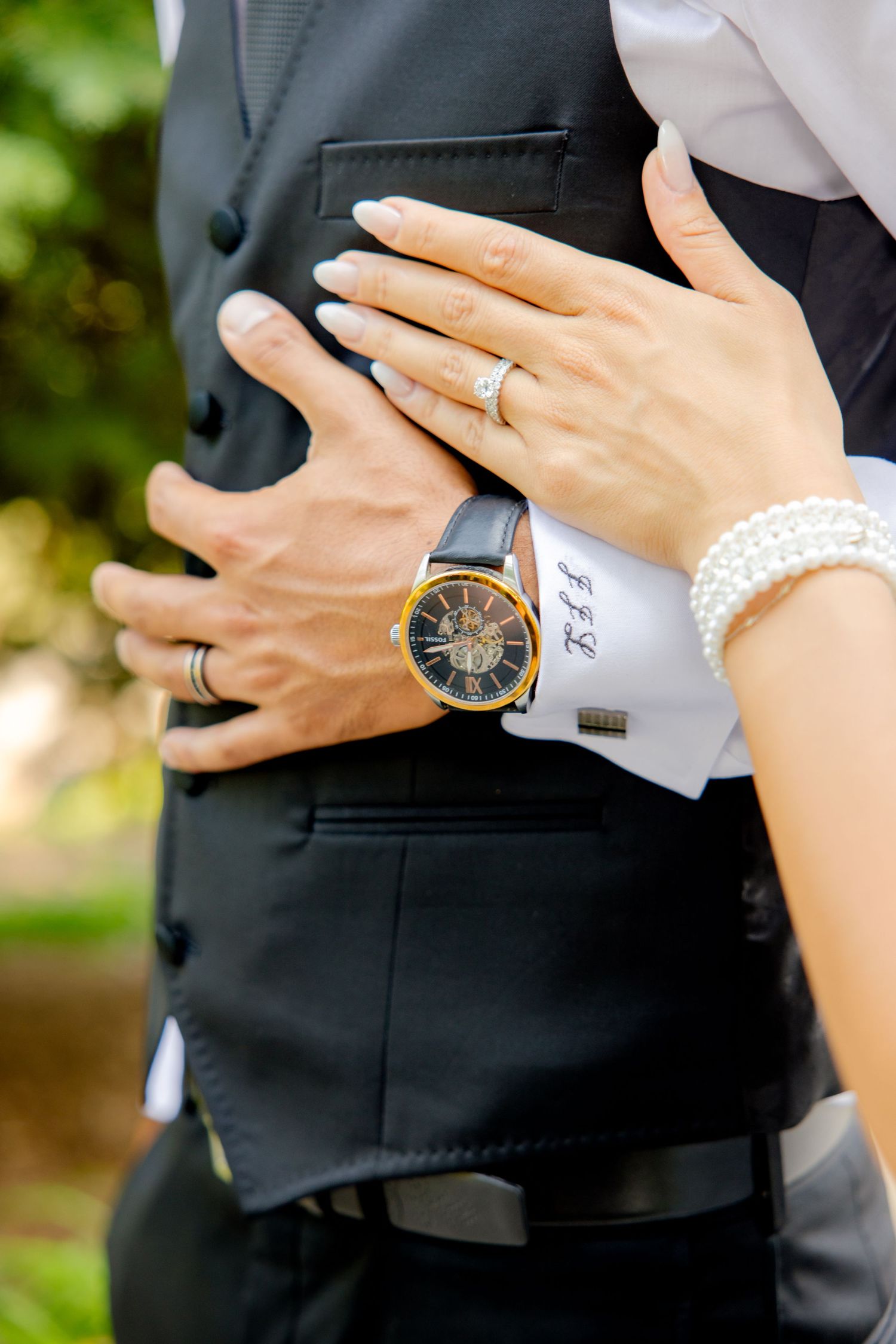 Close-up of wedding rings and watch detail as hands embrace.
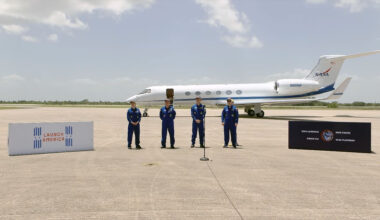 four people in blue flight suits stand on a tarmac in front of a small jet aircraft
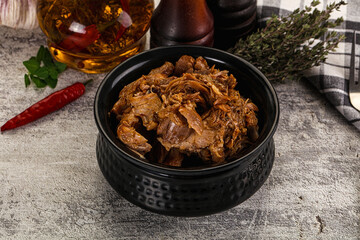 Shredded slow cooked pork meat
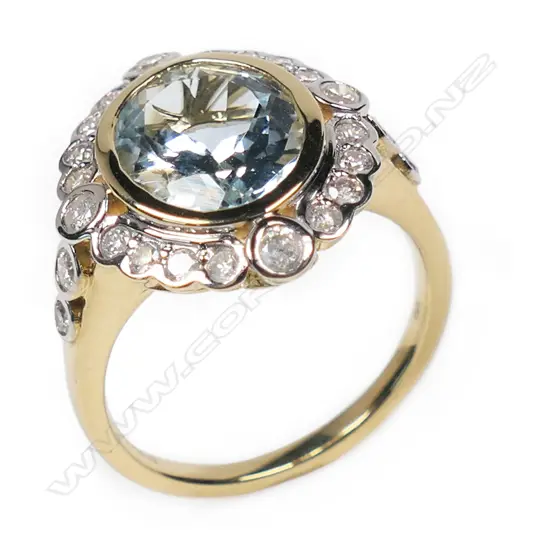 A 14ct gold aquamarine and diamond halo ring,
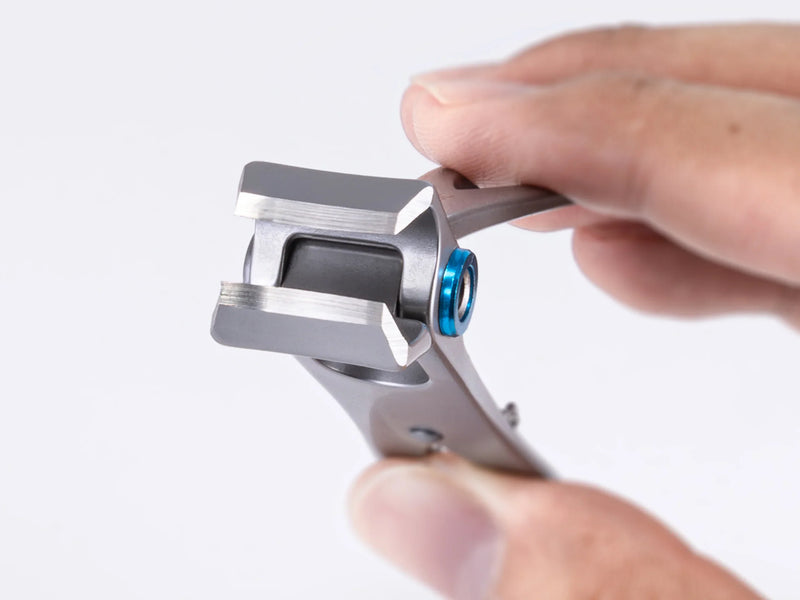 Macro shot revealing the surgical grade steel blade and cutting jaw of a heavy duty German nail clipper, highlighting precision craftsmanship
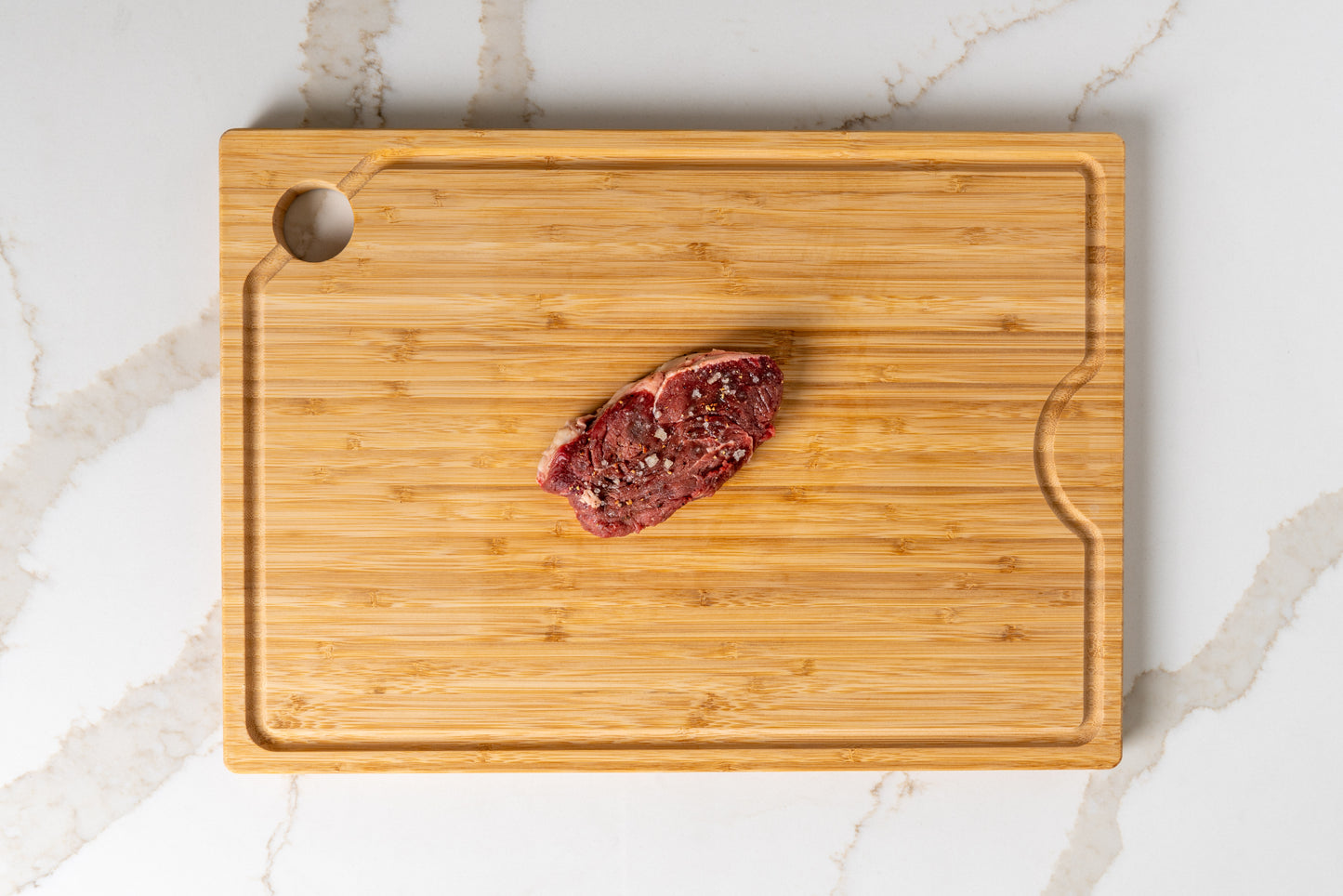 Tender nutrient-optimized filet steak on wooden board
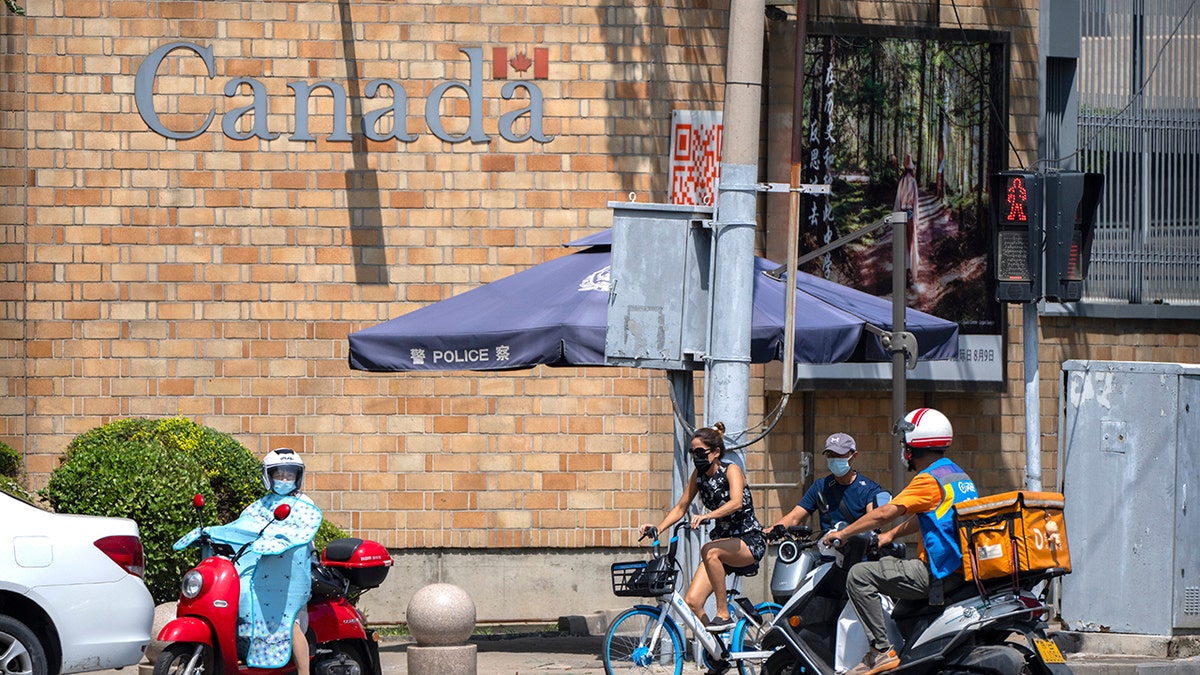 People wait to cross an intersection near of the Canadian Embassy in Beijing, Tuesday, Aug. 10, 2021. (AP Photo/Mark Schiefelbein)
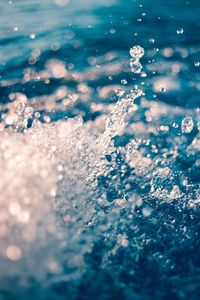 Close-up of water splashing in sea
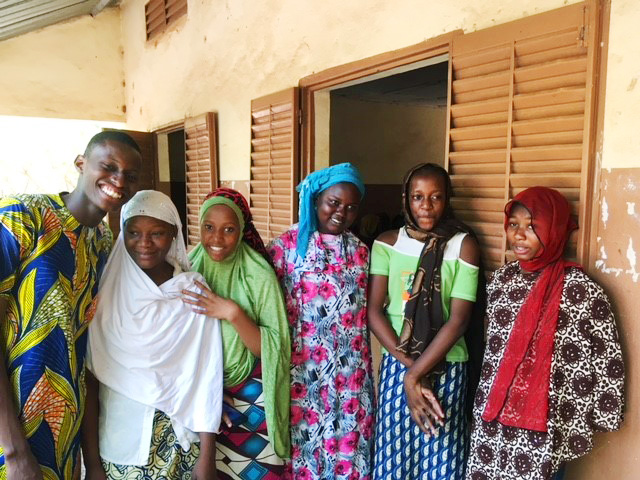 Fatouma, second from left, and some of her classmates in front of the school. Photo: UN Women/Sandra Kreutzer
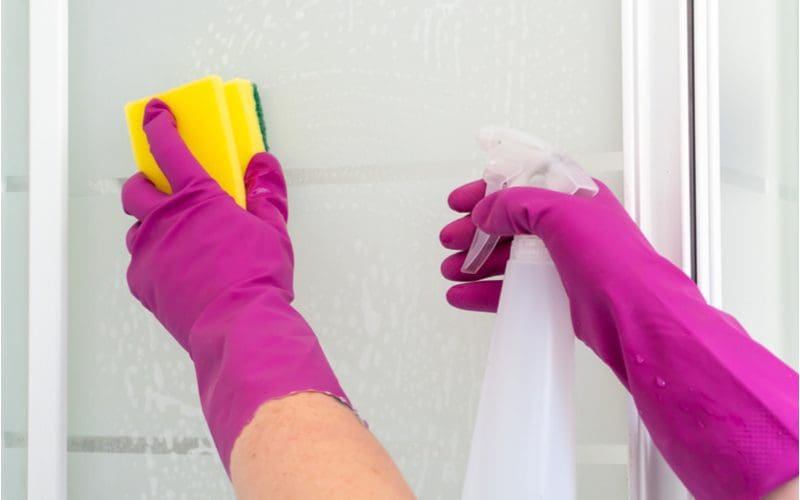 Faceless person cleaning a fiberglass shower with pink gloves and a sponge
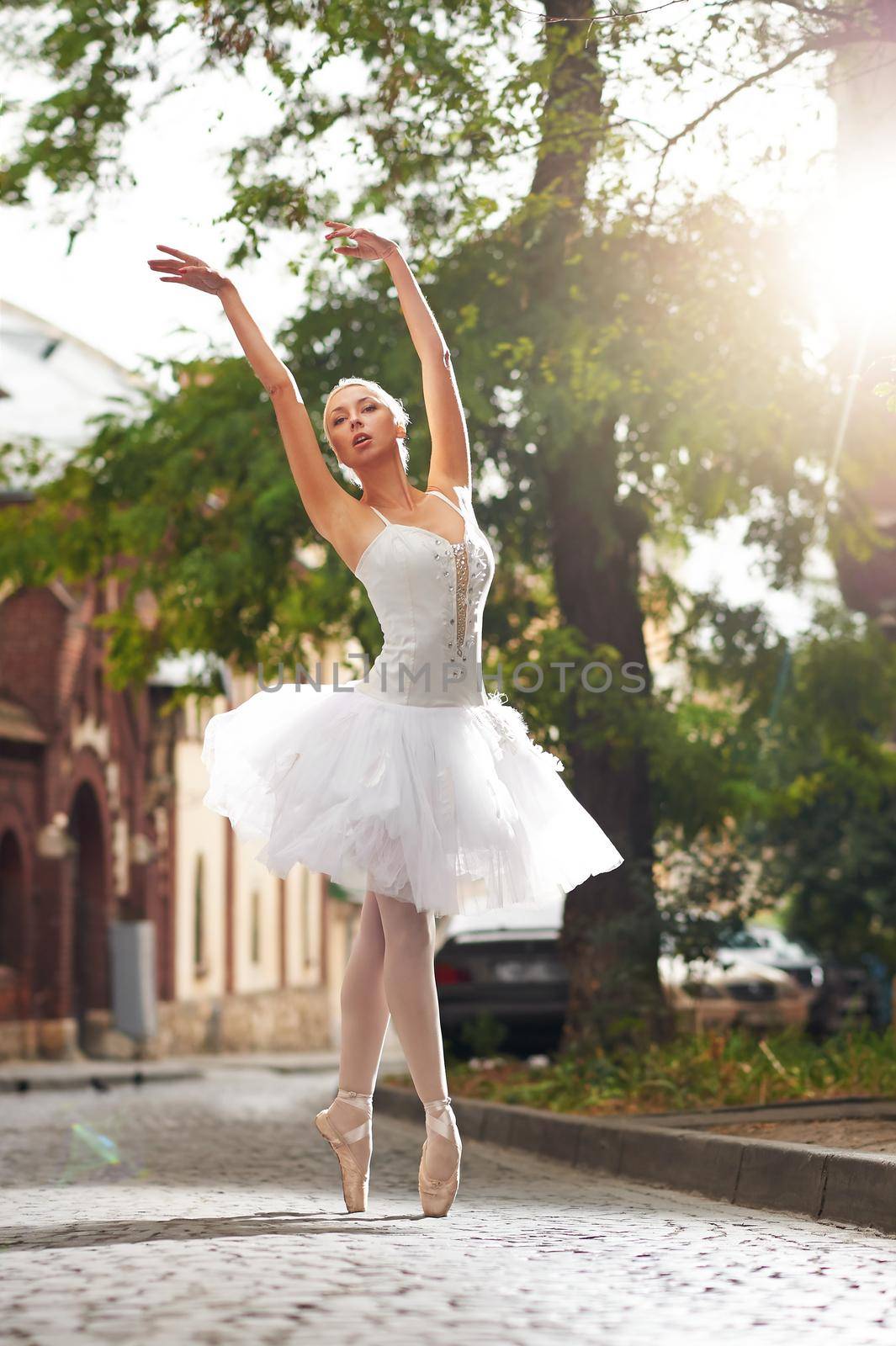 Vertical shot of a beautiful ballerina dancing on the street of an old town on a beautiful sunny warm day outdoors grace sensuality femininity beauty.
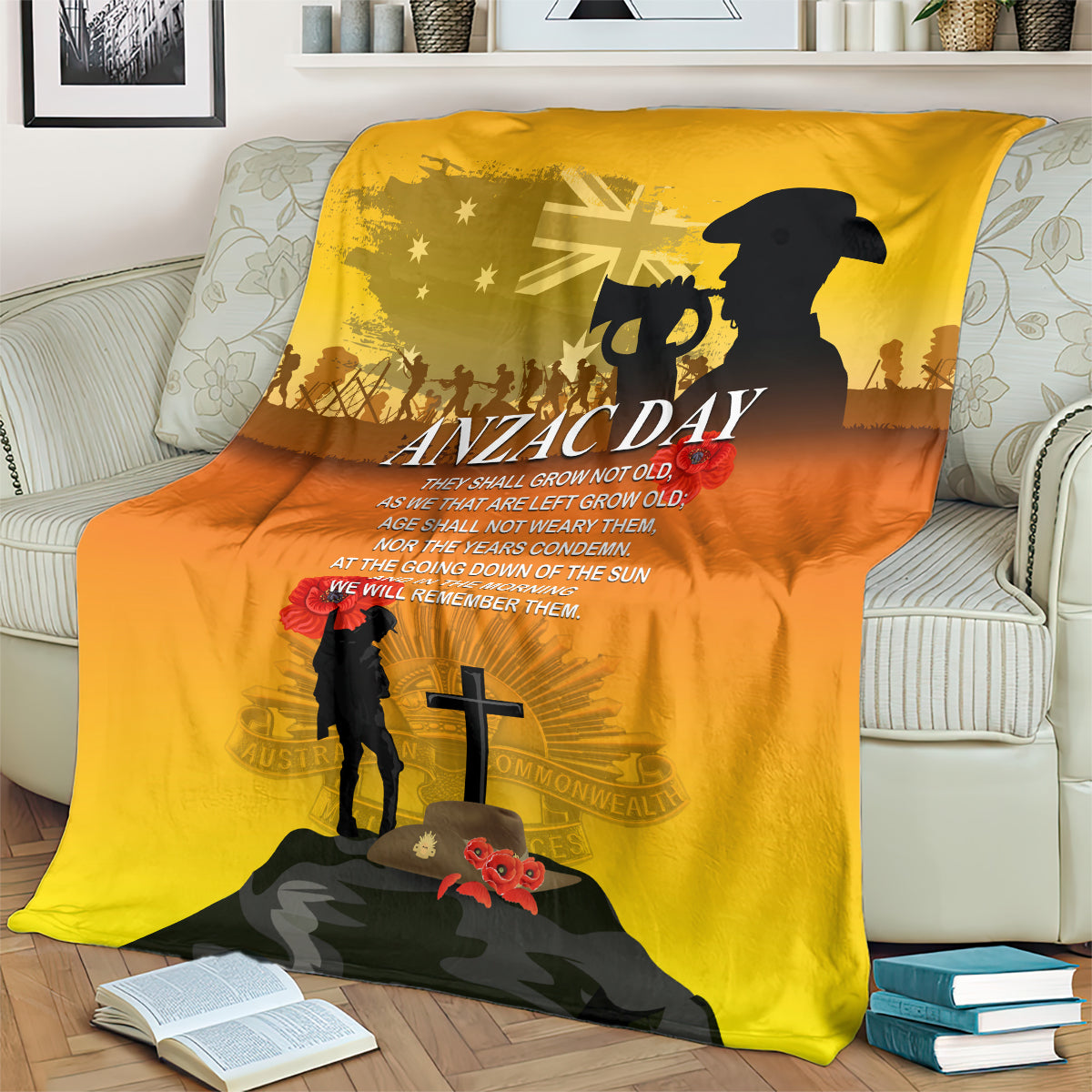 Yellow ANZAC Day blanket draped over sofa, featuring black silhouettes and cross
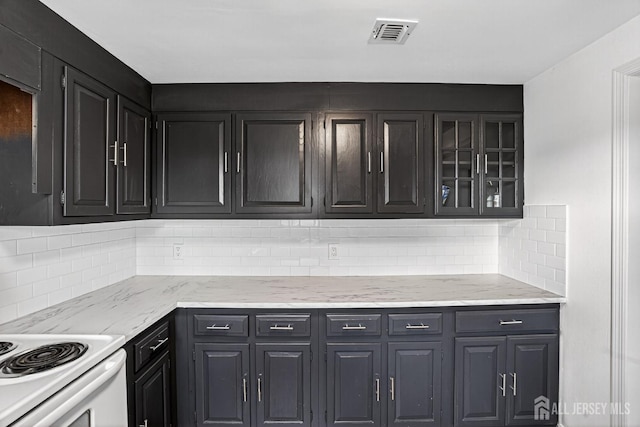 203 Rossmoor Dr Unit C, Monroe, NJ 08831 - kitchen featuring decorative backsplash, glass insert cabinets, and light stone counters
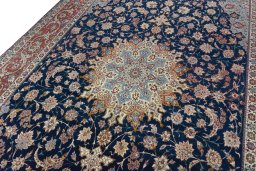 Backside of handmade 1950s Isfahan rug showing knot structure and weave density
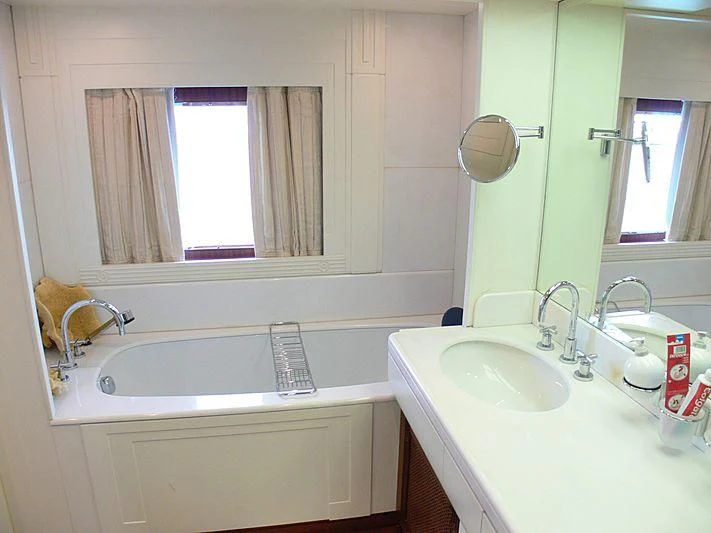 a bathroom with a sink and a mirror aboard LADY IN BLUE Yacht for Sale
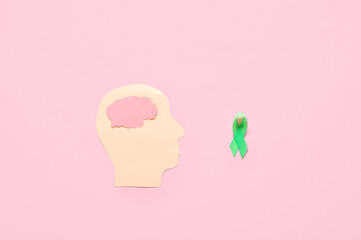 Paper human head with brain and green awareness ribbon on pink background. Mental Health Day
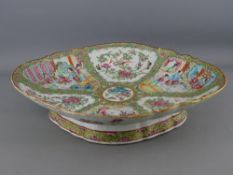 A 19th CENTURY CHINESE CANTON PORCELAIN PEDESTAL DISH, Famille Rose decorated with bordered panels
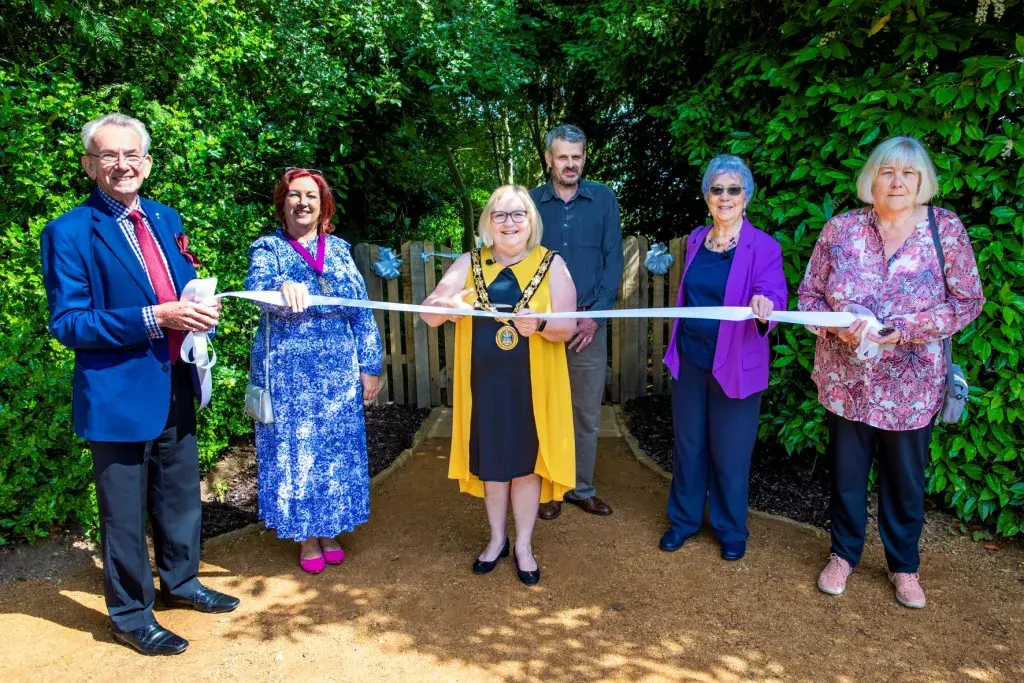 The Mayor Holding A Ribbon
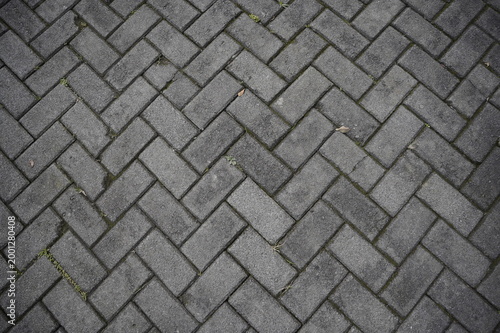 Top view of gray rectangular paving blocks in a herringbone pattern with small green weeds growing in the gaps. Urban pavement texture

#####

◆ TASK DETAILS ◆
Please repeat the data above exactly as it appears, pictures excluded.

◆ ANSWER TO THE PROBLEM ◆
 Close-up of wedding rings and watch detail as hands embrace.
 four people in blue flight suits stand on a tarmac in front of a small jet aircraft
 Shredded slow cooked pork meat
 A 14ct gold aquamarine and diamond halo ring,
 Macro shot revealing the surgical grade steel blade and cutting jaw of a heavy duty German nail clipper, highlighting precision craftsmanship
 Tender nutrient-optimized filet steak on wooden board
 People wait to cross an intersection near of the Canadian Embassy in Beijing, Tuesday, Aug. 10, 2021. (AP Photo/Mark Schiefelbein)
 Close-up of water splashing in sea
 Fatouma, second from left, and some of her classmates in front of the school. Photo: UN Women/Sandra Kreutzer
 Faceless person cleaning a fiberglass shower with pink gloves and a sponge
 Vertical shot of a beautiful ballerina dancing on the street of an old town on a beautiful sunny warm day outdoors grace sensuality femininity beauty.
 Yellow ANZAC Day blanket draped over sofa, featuring black silhouettes and cross
 203 Rossmoor Dr Unit C, Monroe, NJ 08831 - kitchen featuring decorative backsplash, glass insert cabinets, and light stone counters
 Backside of handmade 1950s Isfahan rug showing knot structure and weave density
 a bathroom with a sink and a mirror aboard LADY IN BLUE Yacht for Sale
 Paper human head with brain and green awareness ribbon on pink background. Mental Health Day
 A 19th CENTURY CHINESE CANTON PORCELAIN PEDESTAL DISH, Famille Rose decorated with bordered panels
 The Mayor Holding A Ribbon
 Top view of gray rectangular paving blocks in a herringbone pattern with small green weeds growing in the gaps. Urban pavement texture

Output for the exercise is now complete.